I started re-assembling my radio stack this past week, a project that started when I noticed that my main antenna (and everything attached) was suddenly deaf as a post. The problem was simple enough to fix - the lightning arrestor plug had worn down after the recent wave of severe weather, so I ordered a few more and got it up and running again. Something was still not quite right, and I next discovered that the SDR switch (an MFJ-1708-R) had blown a relay, so that component needed to be replaced as well. MFJ is now out of business, so I’m looking at some alternatives (these look good), but in the meanwhile, I got the HF rig back on the air, ironed out some wrinkles with the CAT controls, restored my lost QSL log, and made a few contacts via FT8.

Anyway, this is all to say that as we approach the formal end of studies, a bit more mind space can be returned to hobbies and whatnot, and as long as we’re still at (or near) solar max, this feels like a good time to get back into radio.

Halfway through Demons, it’s starting to pick up some speed. I’m on Paz’s final essay and will probably start Mariano Azuela’s Los de abajo afterward. I’m close to finishing Introduction to the Devout Life and would like to stay with DeSales for a little longer, probably with Treatise on the Love of God.

Watching: White Lotus, The Righteous Gemstones. FOMO has gotten the best of me, and now I need to watch all of Severance so that I can speak with the rest of my family.

Virginia springbeauty

Statement of the Bishops of the Province of Louisville on the Feast of the Holy Family, emphasis mine:

The Church recognizes the right of individuals to migrate to sustain their lives and the lives of their family members. The Church also recognizes the responsibility of nations to control their borders and create migration policies. However, the Church teaches that this right is not unlimited and must be exercised with respect for the human dignity of each person and the common good.

The Church in the United States has long advocated for comprehensive immigration reform that includes pathways to citizenship, family reunification, and protections for those fleeing persecution. It emphasizes the need for just and humane treatment of all migrants, including access to legal protections, and due process. The Church recognizes that basic human rights are based on the dignity of being created in the image and likeness of God.

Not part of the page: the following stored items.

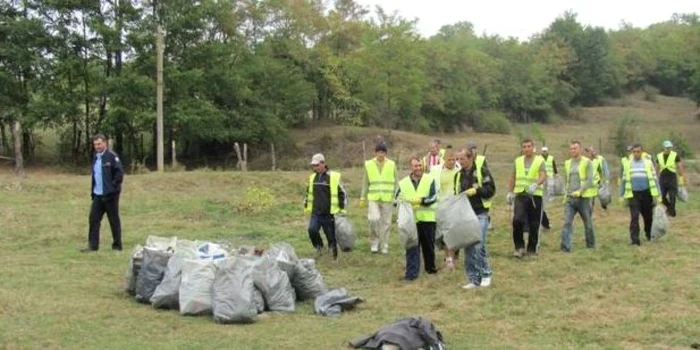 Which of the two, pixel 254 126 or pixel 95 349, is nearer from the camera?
pixel 95 349

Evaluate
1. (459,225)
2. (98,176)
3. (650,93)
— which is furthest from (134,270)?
(650,93)

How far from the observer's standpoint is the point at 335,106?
45375 millimetres

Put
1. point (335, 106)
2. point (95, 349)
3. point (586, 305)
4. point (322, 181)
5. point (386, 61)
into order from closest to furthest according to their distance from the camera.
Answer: point (95, 349), point (586, 305), point (322, 181), point (386, 61), point (335, 106)

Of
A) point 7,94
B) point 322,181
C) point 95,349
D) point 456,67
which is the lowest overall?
point 95,349

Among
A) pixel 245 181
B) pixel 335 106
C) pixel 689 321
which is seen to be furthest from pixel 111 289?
pixel 335 106

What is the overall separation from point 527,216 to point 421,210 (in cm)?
221

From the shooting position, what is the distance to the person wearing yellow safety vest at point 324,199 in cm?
1137

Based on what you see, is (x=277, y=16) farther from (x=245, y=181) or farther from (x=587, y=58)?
(x=587, y=58)

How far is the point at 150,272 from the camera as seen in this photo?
835cm

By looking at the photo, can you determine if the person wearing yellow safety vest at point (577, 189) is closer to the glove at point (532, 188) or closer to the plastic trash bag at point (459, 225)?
the glove at point (532, 188)

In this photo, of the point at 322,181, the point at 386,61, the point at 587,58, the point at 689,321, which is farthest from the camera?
the point at 587,58

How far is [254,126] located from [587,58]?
46056 mm

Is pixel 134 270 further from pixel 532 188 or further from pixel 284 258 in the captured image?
pixel 532 188

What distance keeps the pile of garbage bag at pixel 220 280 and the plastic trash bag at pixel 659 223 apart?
22.7 ft
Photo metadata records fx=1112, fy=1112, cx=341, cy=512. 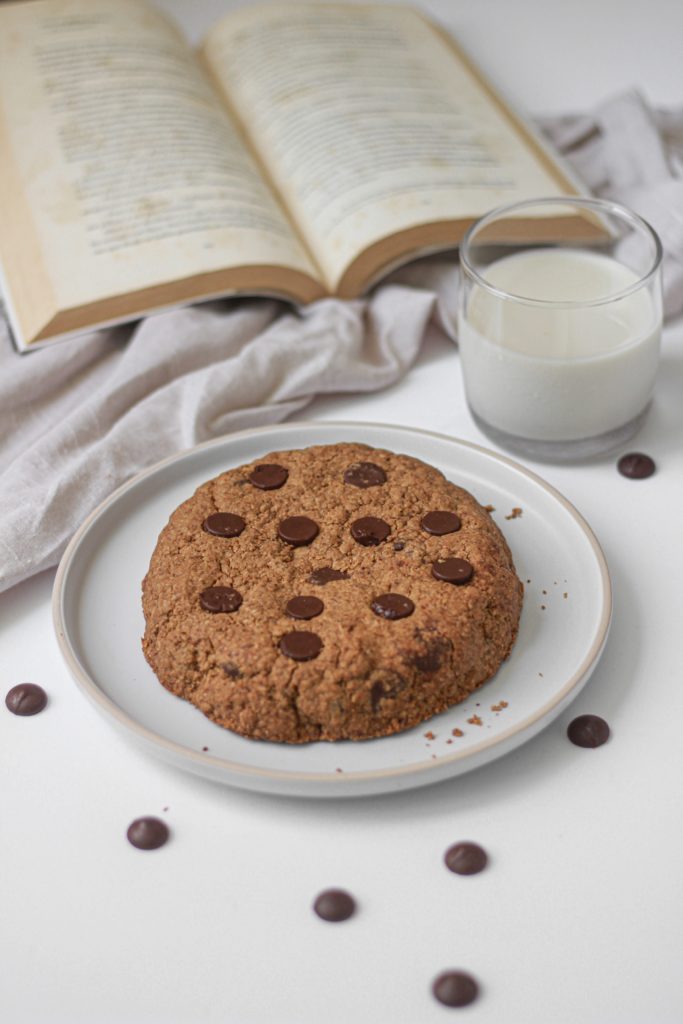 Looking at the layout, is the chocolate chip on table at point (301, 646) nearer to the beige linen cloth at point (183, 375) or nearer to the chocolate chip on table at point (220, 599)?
the chocolate chip on table at point (220, 599)

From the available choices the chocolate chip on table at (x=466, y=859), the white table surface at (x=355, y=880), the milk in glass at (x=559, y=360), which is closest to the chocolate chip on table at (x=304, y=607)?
the white table surface at (x=355, y=880)

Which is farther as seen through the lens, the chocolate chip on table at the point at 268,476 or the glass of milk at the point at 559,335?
the glass of milk at the point at 559,335

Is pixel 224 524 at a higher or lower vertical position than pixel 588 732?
higher

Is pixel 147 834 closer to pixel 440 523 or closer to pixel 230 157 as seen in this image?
pixel 440 523

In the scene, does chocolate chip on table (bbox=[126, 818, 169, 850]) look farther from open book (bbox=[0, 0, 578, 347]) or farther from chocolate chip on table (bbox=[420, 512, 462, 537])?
open book (bbox=[0, 0, 578, 347])

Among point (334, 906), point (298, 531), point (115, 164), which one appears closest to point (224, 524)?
point (298, 531)

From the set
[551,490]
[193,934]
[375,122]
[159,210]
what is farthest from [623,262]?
[193,934]

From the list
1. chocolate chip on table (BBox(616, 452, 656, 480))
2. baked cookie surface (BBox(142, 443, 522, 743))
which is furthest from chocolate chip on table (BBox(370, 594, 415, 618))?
chocolate chip on table (BBox(616, 452, 656, 480)) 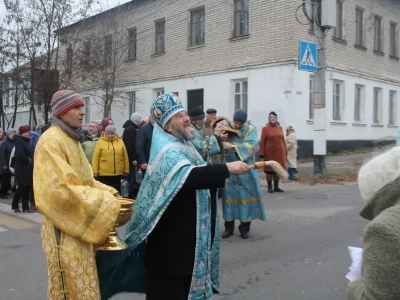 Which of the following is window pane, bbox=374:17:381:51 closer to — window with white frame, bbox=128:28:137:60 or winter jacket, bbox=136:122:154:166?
window with white frame, bbox=128:28:137:60

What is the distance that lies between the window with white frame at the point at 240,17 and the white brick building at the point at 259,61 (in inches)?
1.6

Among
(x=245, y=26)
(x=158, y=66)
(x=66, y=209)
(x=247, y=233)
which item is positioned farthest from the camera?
(x=158, y=66)

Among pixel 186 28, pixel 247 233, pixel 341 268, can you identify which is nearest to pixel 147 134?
pixel 247 233

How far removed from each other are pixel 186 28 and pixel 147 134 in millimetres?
14131

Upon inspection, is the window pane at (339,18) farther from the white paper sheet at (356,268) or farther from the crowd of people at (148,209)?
the white paper sheet at (356,268)

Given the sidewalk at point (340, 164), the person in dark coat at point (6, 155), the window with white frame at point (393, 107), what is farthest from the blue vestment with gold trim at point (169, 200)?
the window with white frame at point (393, 107)

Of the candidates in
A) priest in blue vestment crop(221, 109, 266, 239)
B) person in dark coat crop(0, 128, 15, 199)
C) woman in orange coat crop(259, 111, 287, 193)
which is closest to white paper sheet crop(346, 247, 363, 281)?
priest in blue vestment crop(221, 109, 266, 239)

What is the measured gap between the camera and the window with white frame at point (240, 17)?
771 inches

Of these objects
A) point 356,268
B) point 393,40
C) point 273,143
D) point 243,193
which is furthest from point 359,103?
point 356,268

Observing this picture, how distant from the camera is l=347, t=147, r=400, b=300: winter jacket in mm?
1589

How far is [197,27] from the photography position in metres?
21.9

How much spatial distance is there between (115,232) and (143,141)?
588 centimetres

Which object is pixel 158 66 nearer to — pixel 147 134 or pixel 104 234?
pixel 147 134

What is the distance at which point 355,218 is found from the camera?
8.22m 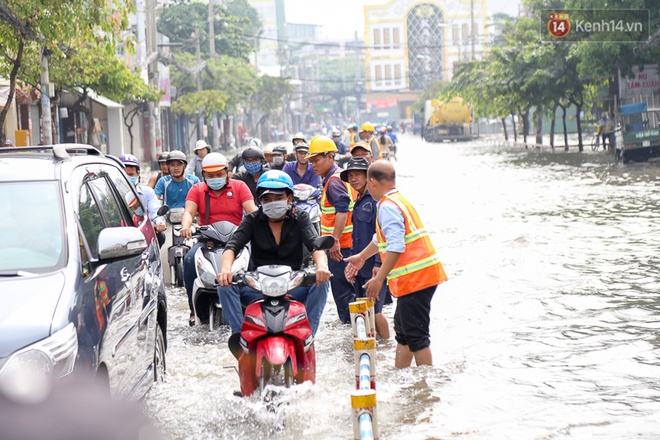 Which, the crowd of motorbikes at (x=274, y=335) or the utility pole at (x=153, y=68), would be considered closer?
the crowd of motorbikes at (x=274, y=335)

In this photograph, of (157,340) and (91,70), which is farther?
(91,70)

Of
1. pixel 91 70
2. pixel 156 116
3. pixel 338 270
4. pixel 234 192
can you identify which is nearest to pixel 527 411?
pixel 338 270

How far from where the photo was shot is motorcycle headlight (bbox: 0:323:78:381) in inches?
155

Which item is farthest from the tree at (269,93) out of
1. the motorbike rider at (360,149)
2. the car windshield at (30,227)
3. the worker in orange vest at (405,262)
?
the car windshield at (30,227)

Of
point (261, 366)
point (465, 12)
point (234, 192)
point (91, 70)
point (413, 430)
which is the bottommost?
point (413, 430)

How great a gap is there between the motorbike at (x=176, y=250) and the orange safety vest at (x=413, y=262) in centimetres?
324

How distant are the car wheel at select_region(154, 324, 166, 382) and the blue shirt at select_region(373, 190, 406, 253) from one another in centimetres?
154

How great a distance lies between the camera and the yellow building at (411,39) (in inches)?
6634

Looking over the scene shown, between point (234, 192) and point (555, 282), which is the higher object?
point (234, 192)

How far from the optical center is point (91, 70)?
966 inches

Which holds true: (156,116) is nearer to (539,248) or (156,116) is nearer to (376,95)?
(539,248)

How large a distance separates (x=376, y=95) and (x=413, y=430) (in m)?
163

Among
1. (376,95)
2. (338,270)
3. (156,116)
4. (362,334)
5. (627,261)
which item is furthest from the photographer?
(376,95)

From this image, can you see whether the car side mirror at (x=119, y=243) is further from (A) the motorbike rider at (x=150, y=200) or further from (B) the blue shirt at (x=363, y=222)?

Mariam Mahmoud calls for a return to The Lost Art of Research as Leisure (h/t HN):

In this fragmented landscape, we need not just diagnoses but prescriptions. How might we rebuild the foundations of culture when our very modes of attention have been compromised? The answer may lie in recovering an ancient understanding of leisure—not as idleness, but as a form of directed contemplation.

Josef Piper, writing at the same time as Eliot, but in a defeated and fragmented Germany, declares leisure the basis of culture. By “leisure,” Pieper does not mean idleness, but the more ancient type of leisure — leisure as the Greek σχολή (scholē), or school.

Pieper’s leisure is a contemplative one—it is, in essence, a style of unconstrained research. Such leisure is not merely, or singularly, the pursuit of knowledge “for its own sake,” nor is it simply “reading for pleasure.” The leisure that forms the basis of culture is a directed and intentional curiosity — it is the practice of formulating questions and seeking answers with a disposition towards wonder, not rigid certainty. Where free time is not used for research — for developing questions, and investigating the answers with an explorer’s spirit — cultural coherence crumbles. For Pieper, without leisure as letters, or “research as leisure,” there is no pattern from which higher civilisation is found.